Drake, J.M., RANDIN, C. & GUISAN, A., 2006. Modelling ecological niches with support vector machines. Journal of Applied Ecology, 43(3), pp.424–432.Differing performances of 3 methods of using SVMs

Modeling the spatial distribution of two important South African plantation forestry pathogens

Van Staden et al. (2005) used a bioclimatic species distribution model to find the broad habitat distribution and potential distribution of two fungal pathogens of commercially important tree species, pines and eucalyptus, in South Africa under varying climate change scenarios. The distribution and infectivity of both pathogens are affected by certain climatic parameters (e.g. hail damage, high rainfall, and humidity) and climate change impacts these variables. Fungal incidence data for the study consisted of 87 confirmed reports of S. sapinea and 17 reports of C. cubensis and climate data for the area were obtained from existing literature and a digital elevation model for South Africa. Climate data included five variables: altitude, average rainfall of driest and wettest month, and average temperature of hottest and coldest month. The bioclimatic model incorporated these five variables, created a multidimensional scatter plot using for each variable for each grid cell in South Africa (11,800 total), generated matrix of covariates for each cell, and then transformed that matrix into a probability of occurrence for each fungus for each cell. Consequently, they were able to identify core-risk regions for both fungi, and found that those regions included major commercial forestry plantations. They report this as the first study to utilize a bioclimatic model to predict the distribution of economically relevant pathogens for eventual use in decision support systems for forestry management. This study could be improved by increased data on the fungus (more than 100 counts of each) and potentially exploring the variation in predictions generated by the model. It would be interesting to explore different combinations of variables or data points and how the predications would change based on each combination.

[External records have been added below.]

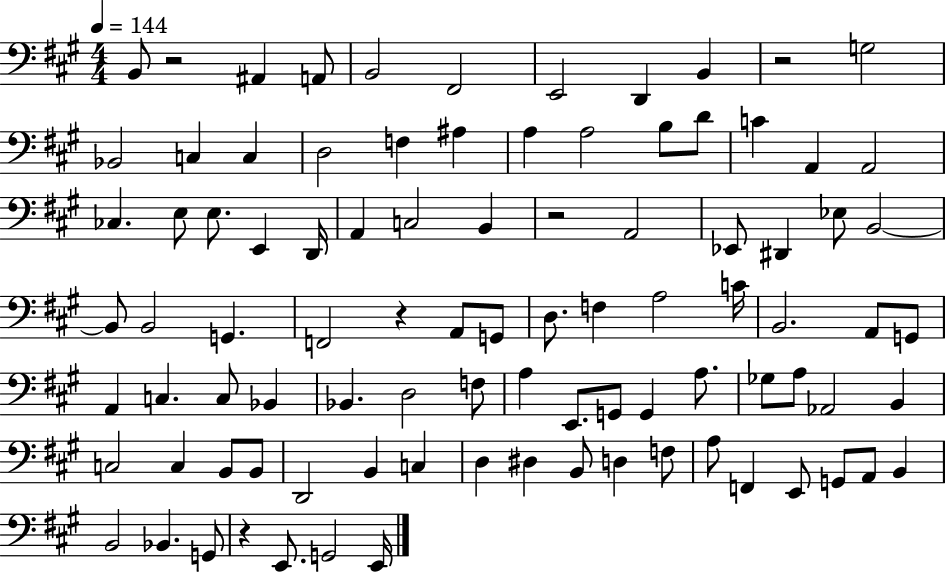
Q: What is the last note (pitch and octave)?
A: E2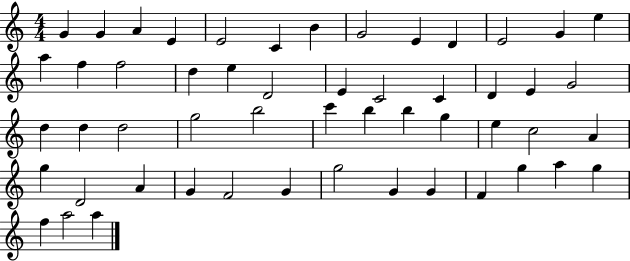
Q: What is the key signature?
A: C major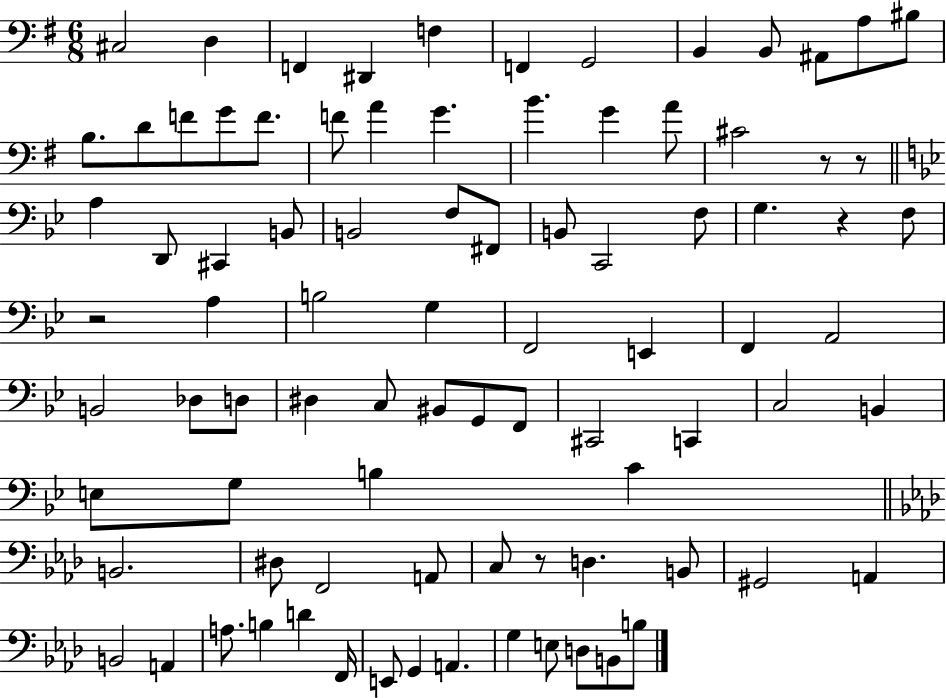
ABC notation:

X:1
T:Untitled
M:6/8
L:1/4
K:G
^C,2 D, F,, ^D,, F, F,, G,,2 B,, B,,/2 ^A,,/2 A,/2 ^B,/2 B,/2 D/2 F/2 G/2 F/2 F/2 A G B G A/2 ^C2 z/2 z/2 A, D,,/2 ^C,, B,,/2 B,,2 F,/2 ^F,,/2 B,,/2 C,,2 F,/2 G, z F,/2 z2 A, B,2 G, F,,2 E,, F,, A,,2 B,,2 _D,/2 D,/2 ^D, C,/2 ^B,,/2 G,,/2 F,,/2 ^C,,2 C,, C,2 B,, E,/2 G,/2 B, C B,,2 ^D,/2 F,,2 A,,/2 C,/2 z/2 D, B,,/2 ^G,,2 A,, B,,2 A,, A,/2 B, D F,,/4 E,,/2 G,, A,, G, E,/2 D,/2 B,,/2 B,/2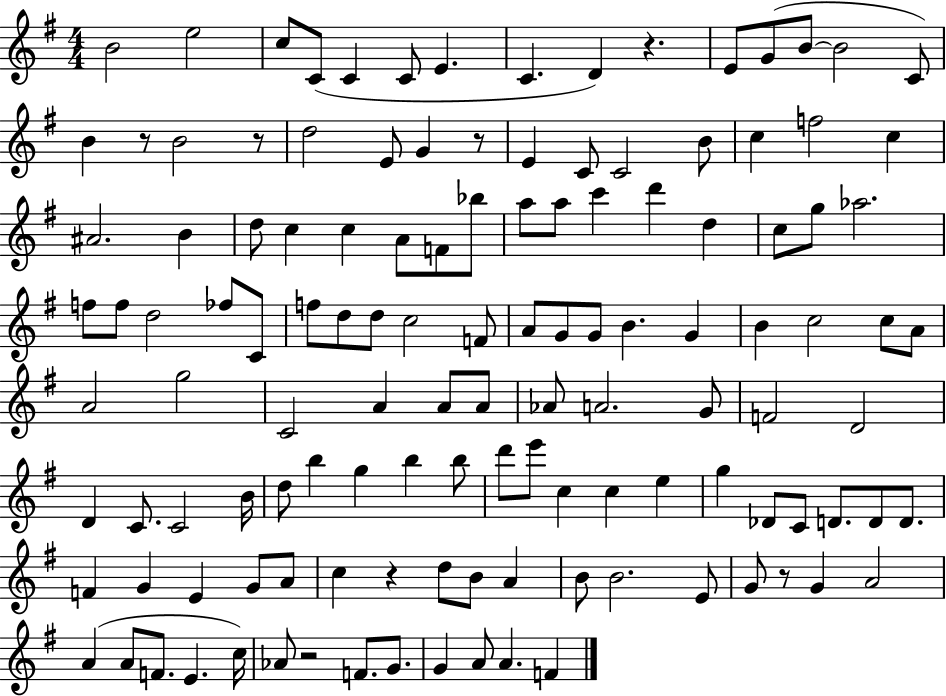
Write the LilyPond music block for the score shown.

{
  \clef treble
  \numericTimeSignature
  \time 4/4
  \key g \major
  b'2 e''2 | c''8 c'8( c'4 c'8 e'4. | c'4. d'4) r4. | e'8 g'8( b'8~~ b'2 c'8) | \break b'4 r8 b'2 r8 | d''2 e'8 g'4 r8 | e'4 c'8 c'2 b'8 | c''4 f''2 c''4 | \break ais'2. b'4 | d''8 c''4 c''4 a'8 f'8 bes''8 | a''8 a''8 c'''4 d'''4 d''4 | c''8 g''8 aes''2. | \break f''8 f''8 d''2 fes''8 c'8 | f''8 d''8 d''8 c''2 f'8 | a'8 g'8 g'8 b'4. g'4 | b'4 c''2 c''8 a'8 | \break a'2 g''2 | c'2 a'4 a'8 a'8 | aes'8 a'2. g'8 | f'2 d'2 | \break d'4 c'8. c'2 b'16 | d''8 b''4 g''4 b''4 b''8 | d'''8 e'''8 c''4 c''4 e''4 | g''4 des'8 c'8 d'8. d'8 d'8. | \break f'4 g'4 e'4 g'8 a'8 | c''4 r4 d''8 b'8 a'4 | b'8 b'2. e'8 | g'8 r8 g'4 a'2 | \break a'4( a'8 f'8. e'4. c''16) | aes'8 r2 f'8. g'8. | g'4 a'8 a'4. f'4 | \bar "|."
}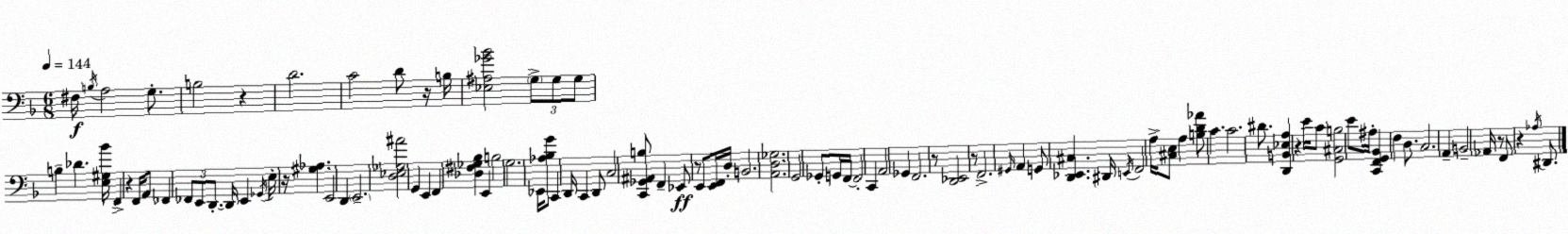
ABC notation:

X:1
T:Untitled
M:6/8
L:1/4
K:Dm
^F,/4 B,/4 A,2 G,/2 B,2 z D2 C2 D/2 z/4 B,/4 [_E,^A,_G_B]2 G,/2 G,/2 G,/2 B, _D [E,^G,_B]/4 F,, z F,,/4 A,,/2 _F,, _F,,/2 E,,/2 D,,/2 D,,/4 E,, _G,,/4 E,/4 z/4 [^G,_A,] E,,2 D,, E,,2 [D,_E,_G,^A]2 G,, E,, F,, [_D,^F,_G,_B,] E,, B,2 G,2 _E,,/4 [_A,_B,G]/2 C,, D,,/4 C,, D,,/2 C,2 [C,,_G,,^A,,B,]/2 F,, _E,,/2 z/2 E,,/2 [E,,F,,]/4 D,/4 B,,2 [A,,D,_G,]2 G,,2 _G,,/2 G,,/4 F,,/4 F,,2 C,, A,,2 _G,, F,,2 z/2 [D,,_E,,]2 z/2 F,,2 ^G,,/4 A,, G,,/2 [D,,_E,,^C,] ^D,,/4 E,,/4 F,,2 A,/4 [^C,E,]/2 A, [B,D_A]/2 C C2 ^D/2 [D,,B,,_E,A,] z E/4 C/2 [G,,^C,B,]2 E/2 ^A,/4 [C,,F,,G,,_B,,] F, D,/2 C,2 A,, B,,2 _A,,/4 z/2 F,,/2 z _A,/4 ^D,,/2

van Staden, V. et al., 2004. Modelling the spatial distribution of two important South African plantation forestry pathogens. Forest Ecology and Management, 187(1), pp.61–73.

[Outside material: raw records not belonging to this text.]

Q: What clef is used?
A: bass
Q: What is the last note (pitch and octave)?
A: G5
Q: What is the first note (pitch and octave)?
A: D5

Fast and flexible Bayesian species distribution modelling using Gaussian processes

Golding and Purse suggest that Gaussian process (GP) species distribution models (SDM) via Bayesian priors may be beneficial for ecologists that wish to incorporate prior knowledge of their system and retain the speed and accuracy of predictions granted by other models. Gaussian processes are able to fit complex (i.e. more statistical terms) statistical models, but typically require computationally extensive methods (e.g. Markov chain Monte Carlo methods). Consequently, the authors evaluate another method of incorporating GP SDMs by comparing its predictive ability and run time with other commonly used approaches in a dataset from the North American Breeding Bird Survey for both presence/absence and presence-only data. Models compared in their study include: a GP model, a generalized additive model (GAM), and a boosted regression tree model (BRT). Instead of fitting GP SDM models with MCMC, they evaluate the efficacy of a more efficient deterministic inference procedure called Laplace approximation and expectation propagation. Deterministic approximations are subject to error that may decrease accuracy of predictions, but the authors argue that even with these limitations GP models fitted with deterministic inference are a promising method for SDM analyses. They found that the predictive accuracy of GP SDMs fitted by Laplace approximation was higher than BRT, GAMs, and logistic regression for presence/absence data and higher than all compared models for presence-only data. Additionally, GP SDMs were just as fast as GAMs. For situations when data on species occurrence is sparse, such vector abundance and distribution, but distributions of hosts is better documented (e.g. cattle or humans) this method would allow integration of multiple types of prior information.

 

Golding, N. & Purse, B.V., 2016. Fast and flexible Bayesian species distribution modelling using Gaussian processes. Methods in Ecology and Evolution. doi: 10.1111/2041-210X.